REQUIRED WORK: Copy out nothing but the lines from the one holding "Cara Lihat Nota" through the end of the entries below, exactly as written and without the pictures.

DATASET EXCERPTS:

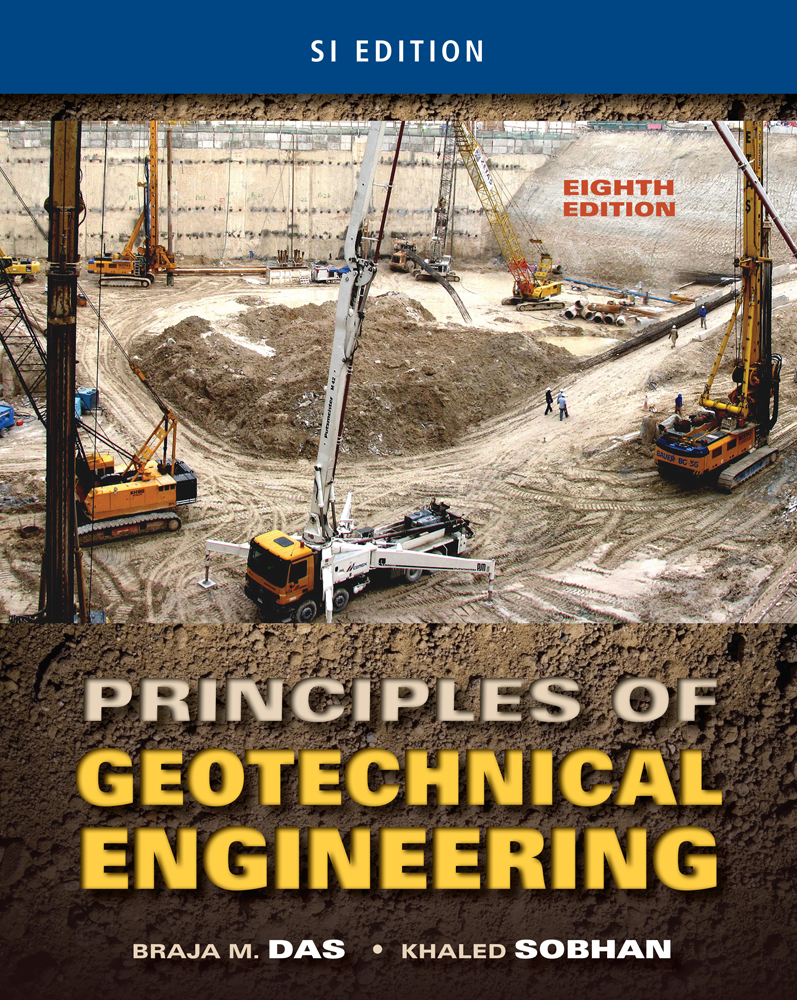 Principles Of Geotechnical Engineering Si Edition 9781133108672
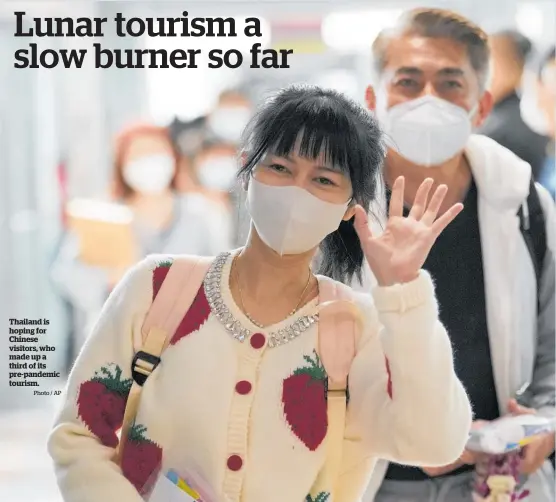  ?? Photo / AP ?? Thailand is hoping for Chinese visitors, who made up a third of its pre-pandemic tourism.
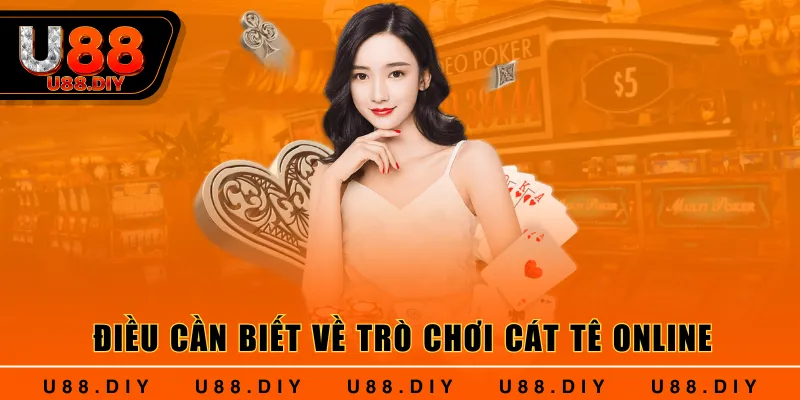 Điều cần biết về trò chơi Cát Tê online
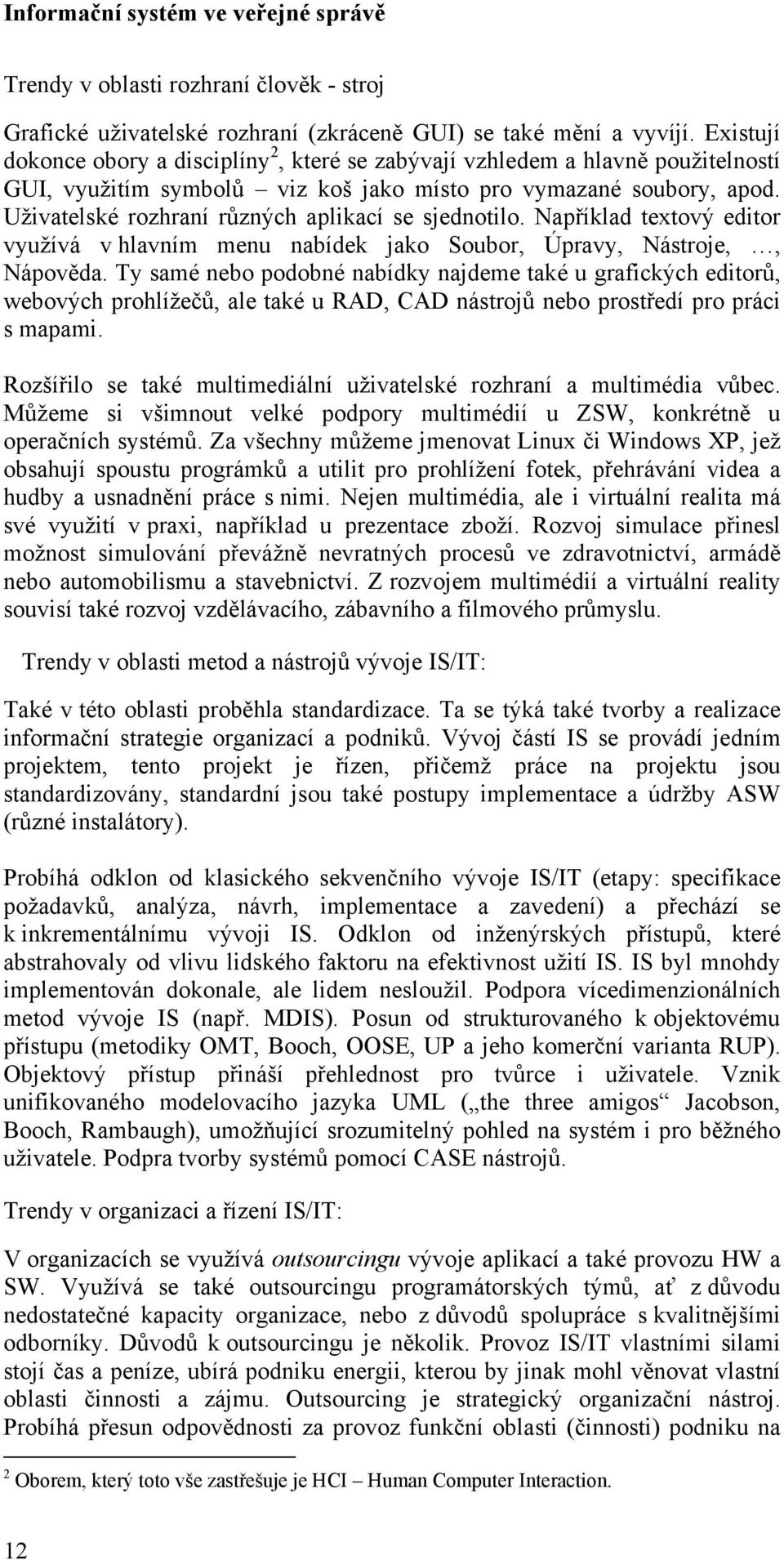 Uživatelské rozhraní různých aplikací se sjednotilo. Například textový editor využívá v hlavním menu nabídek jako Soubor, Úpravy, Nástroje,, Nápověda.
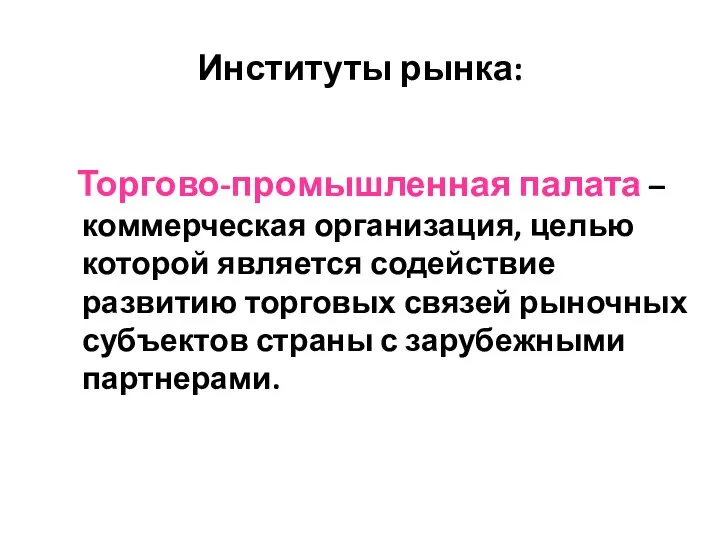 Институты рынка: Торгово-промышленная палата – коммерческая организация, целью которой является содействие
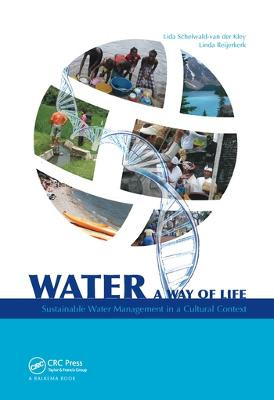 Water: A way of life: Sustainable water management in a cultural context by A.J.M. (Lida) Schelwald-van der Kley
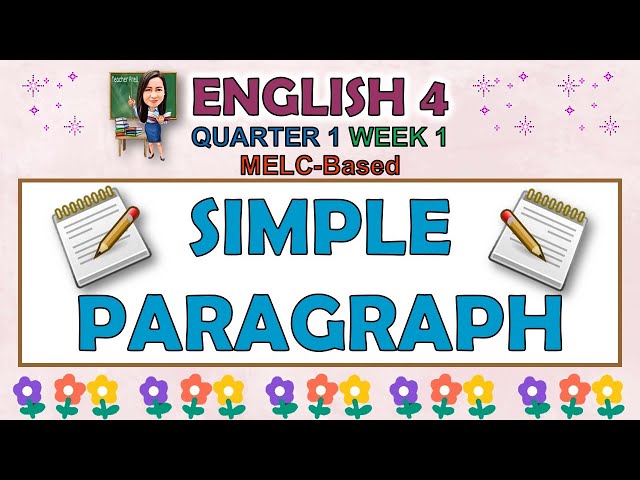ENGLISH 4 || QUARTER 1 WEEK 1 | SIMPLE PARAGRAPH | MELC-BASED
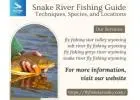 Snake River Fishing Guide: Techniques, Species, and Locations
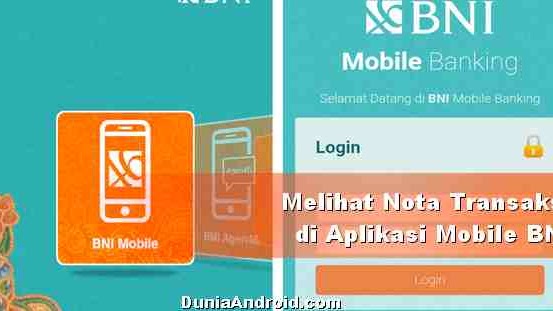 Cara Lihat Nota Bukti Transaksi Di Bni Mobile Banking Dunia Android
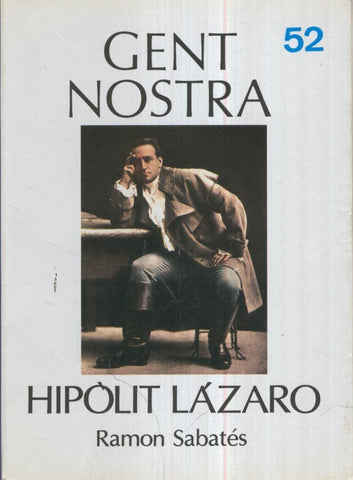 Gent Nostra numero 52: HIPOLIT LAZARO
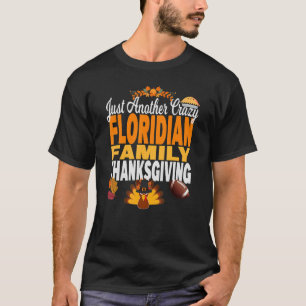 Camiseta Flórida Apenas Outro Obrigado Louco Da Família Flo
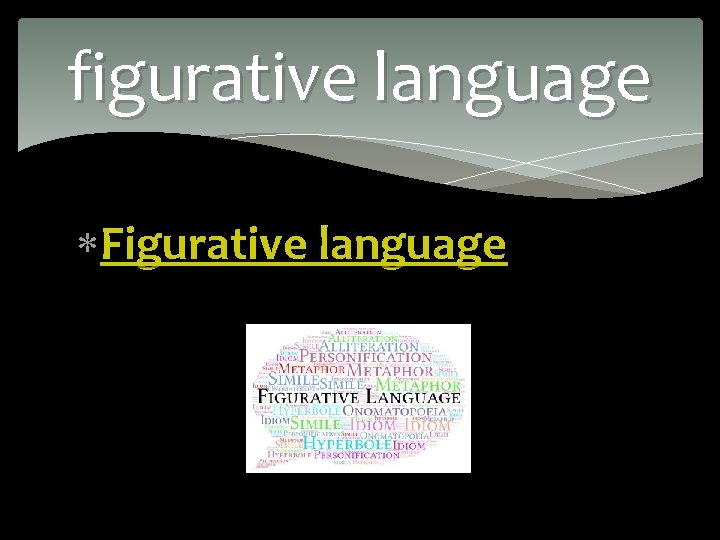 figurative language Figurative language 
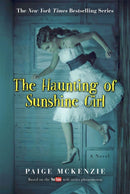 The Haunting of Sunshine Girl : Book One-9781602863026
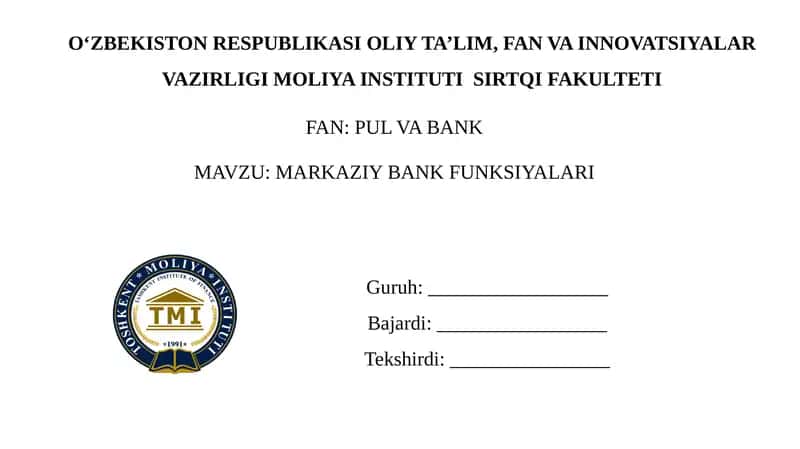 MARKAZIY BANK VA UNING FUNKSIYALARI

PROBLEM SOLUTION:
 Cara Lihat Nota Bukti Transaksi Di Bni Mobile Banking Dunia Android
 Gent Nostra numero 52: HIPOLIT LAZARO
 Camiseta Flórida Apenas Outro Obrigado Louco Da Família Flo
 figurative language Figurative language 
 The Haunting of Sunshine Girl : Book One-9781602863026
 MARKAZIY BANK VA UNING FUNKSIYALARI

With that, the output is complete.